【米大領領選終盤へ(上)】白ける米国の農村 農政が争点にならず2016年10月27日
農業ジャーナリスト・山田優
アメリカの大統領選はいよいよ終盤に入り、民主党のヒラリー・クリントン、共和党のドナルド・トランプ両陣営の争いは日々熾烈になっている。非難・中傷合戦の陰に隠れて見失いがちだが、安全保障やTPP(環太平洋連携協定)など、選挙の結果によっては日本の将来を左右する大きな問題を含んでいる。アメリカの農業事情に詳しいジャーナリストの山田優氏に、レポートしてもらった。
11月8日投票の米大統領選挙は、民主党のヒラリー・クリントン氏が共和党のドナルド・トランプ氏に比べ優位な情勢で最終盤を迎えている。米国内のメディアは、両者が激しく対立していることを連日大きく報じているが、肝心の政策の面では実のある論争になっていない。農業分野に至ってはほとんど触れられず、米国の農家の間に白けムードが漂っている。
10月後半になって、大手メディアは相次いで「ヒラリーが有利」と報じ始めた。選挙戦に入る前は余裕でヒラリーの勝利とみられていたが、予想以上にトランプが健闘。夏場にはいくつかの世論調査でヒラリーが劣勢になるなど波乱含みになった。
◆全米ではヒラリー
しかし、戦没者家族への攻撃や急浮上した女性問題などでトランプの勢いに陰りが見え、3回あった両者のテレビ討論会でもヒラリーが手堅くポイントを重ね、有利なまま投票日まで逃げ切るという観測が支配的になってきた。
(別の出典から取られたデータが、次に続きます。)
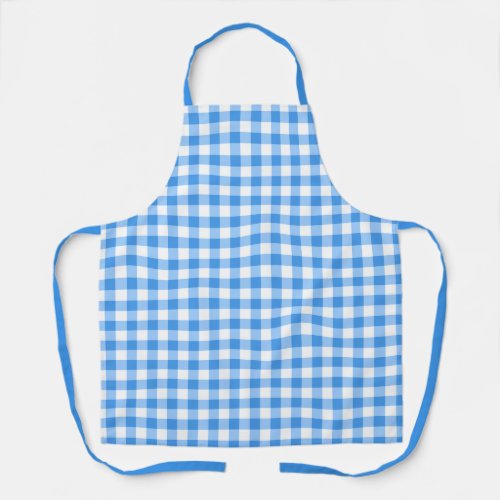 Classic Blue And White Gingham Buffalo Plaid Apron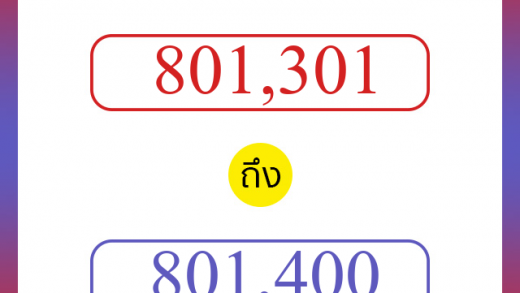 วิธีนับตัวเลขภาษาอังกฤษ 801301 ถึง 801400 เอาไว้คุยกับชาวต่างชาติ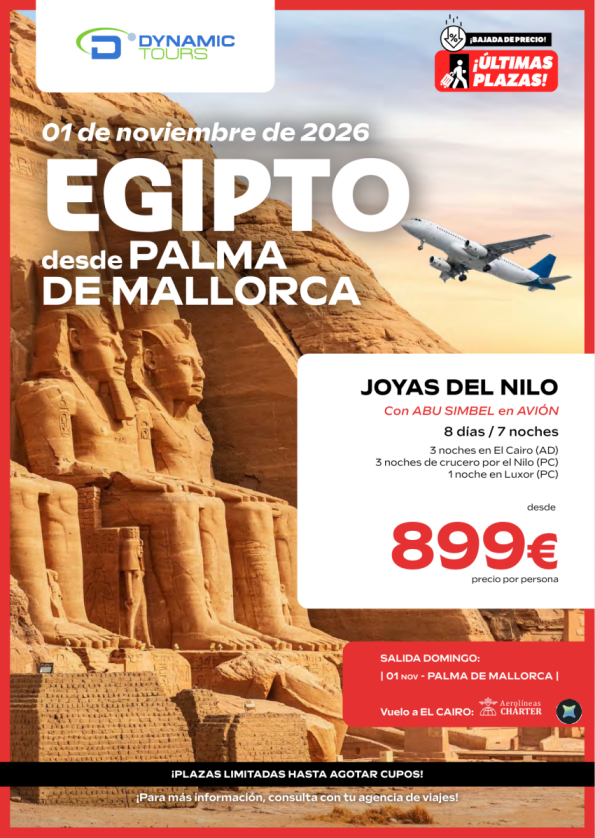 ?????? ????? - MALLORCA?salida: 01 NOV??? con Abu Simbel en avión?ahora desde 899 &euro; ?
日本では農政問題が、時に国政選挙の大きな争点となる。かつての牛肉とかんきつの輸入自由化問題や、最近では環太平洋連携協定(TPP)をめぐる対応は、農村地帯の投票行動に大きな影響を与え、大物議員が落選するなど波乱要因になってきた。
今回の米大統領選挙で、農政は全くと言って良いほど、関心を集めない。都市部はもちろん、農村部でもだ。
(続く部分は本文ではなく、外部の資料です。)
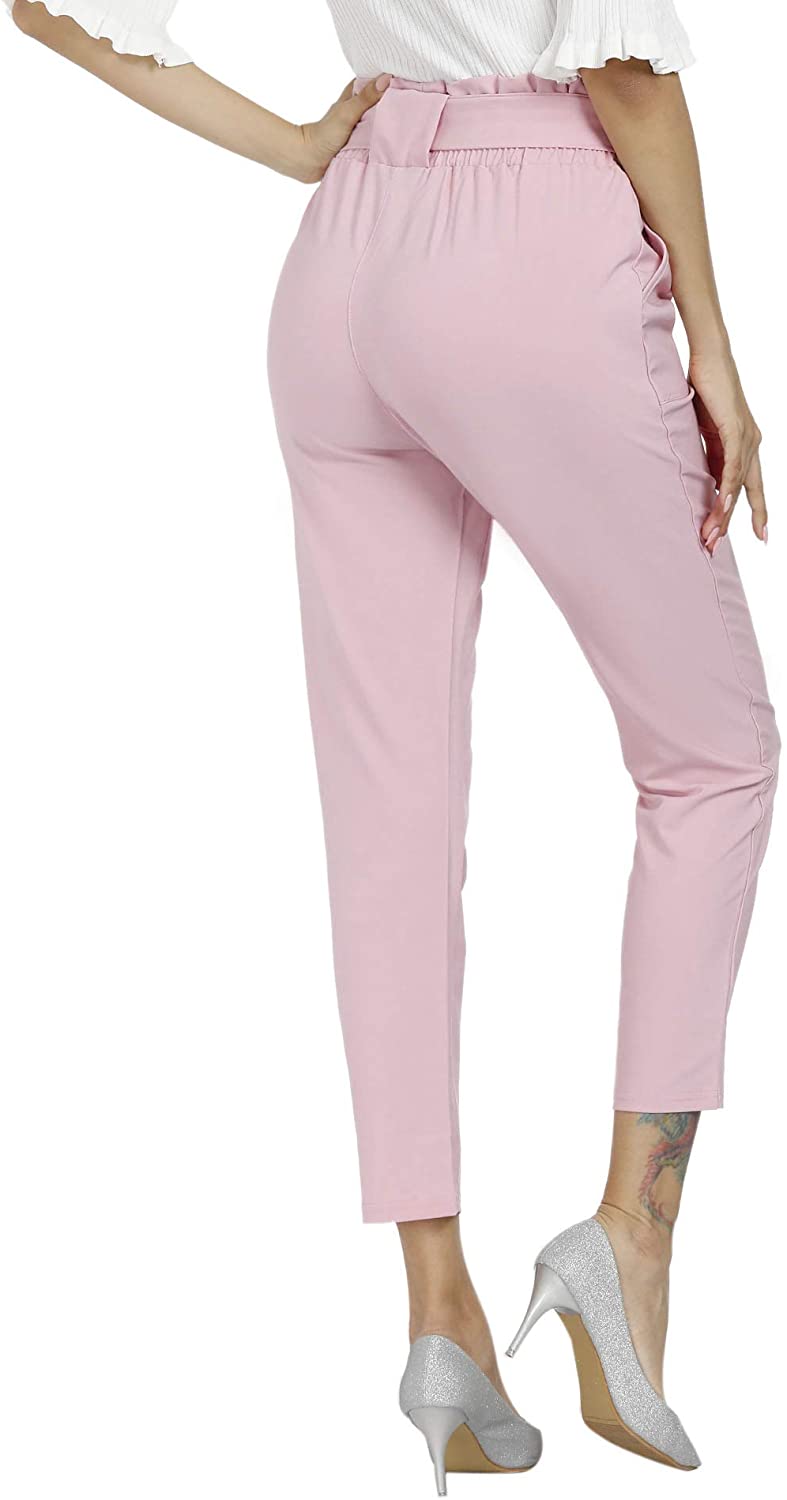 Freeprance Women's Pants Casual Trouser Paper Bag Pants Elastic Waist Slim Pockets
9月に米国南部で伝統的に共和党支持の傾向が強いアーカンソー州に2週間滞在した。農業交渉などに関わる文書を探したり、インタビューしたりするのが目的だったが、合間を縫って、大統領選挙にどんな反応をするのか聞いて回った。
結論から言えば、「ほとんどの農家は大統領選挙に白けている」というものだ。農家2人と、地元大学農学部の教官らに個別にインタビューをした。それぞれ要旨を紹介する。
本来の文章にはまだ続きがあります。